Prosecutors brought charges this week against Colonel Sebastiao Curio Rodrigues de Moura, 77, who commanded troops they say kidnapped and tortured five members of the Araguaia guerrilla movement in the Amazon that was fighting to impose communism.
Human rights groups had applauded the charges as a “landmark step for accountability in Brazil,” which critics say has taken only timid steps to deal with that dark chapter in its history. The fate of the five and several hundred others has never been discovered.
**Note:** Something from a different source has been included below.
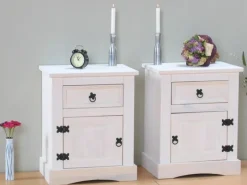 ebuy24 New Mexico Nachttische 2 Stück mit 1 Schublade und 1 Tür Weiss Gewachst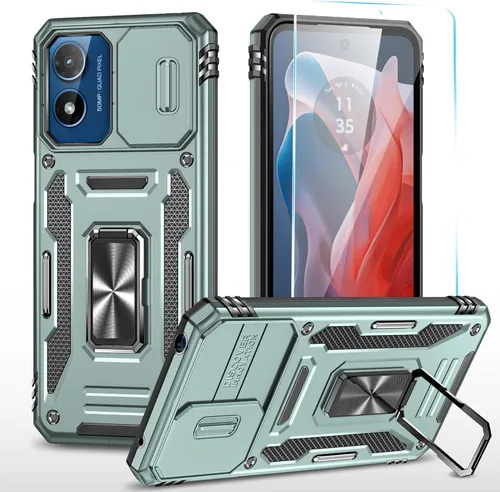 Miniatura 13 de Funda para teléfono SunStory para Motorola Moto G Play 2024 con protector de pantalla HD y cubierta deslizante para la cámara y soporte con patas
Prosecutors argued the kidnapping of the five was not covered by a 1979 amnesty law because they were not found and the case never closed. The prosecution argument heeded a 2010 decision by the Inter-American Court of Human Rights that Brazil must investigate those kidnappings and punish the perpetrators.
In dismissing the charges, Federal Judge Joao Cesar Matos argued they were covered by the amnesty law.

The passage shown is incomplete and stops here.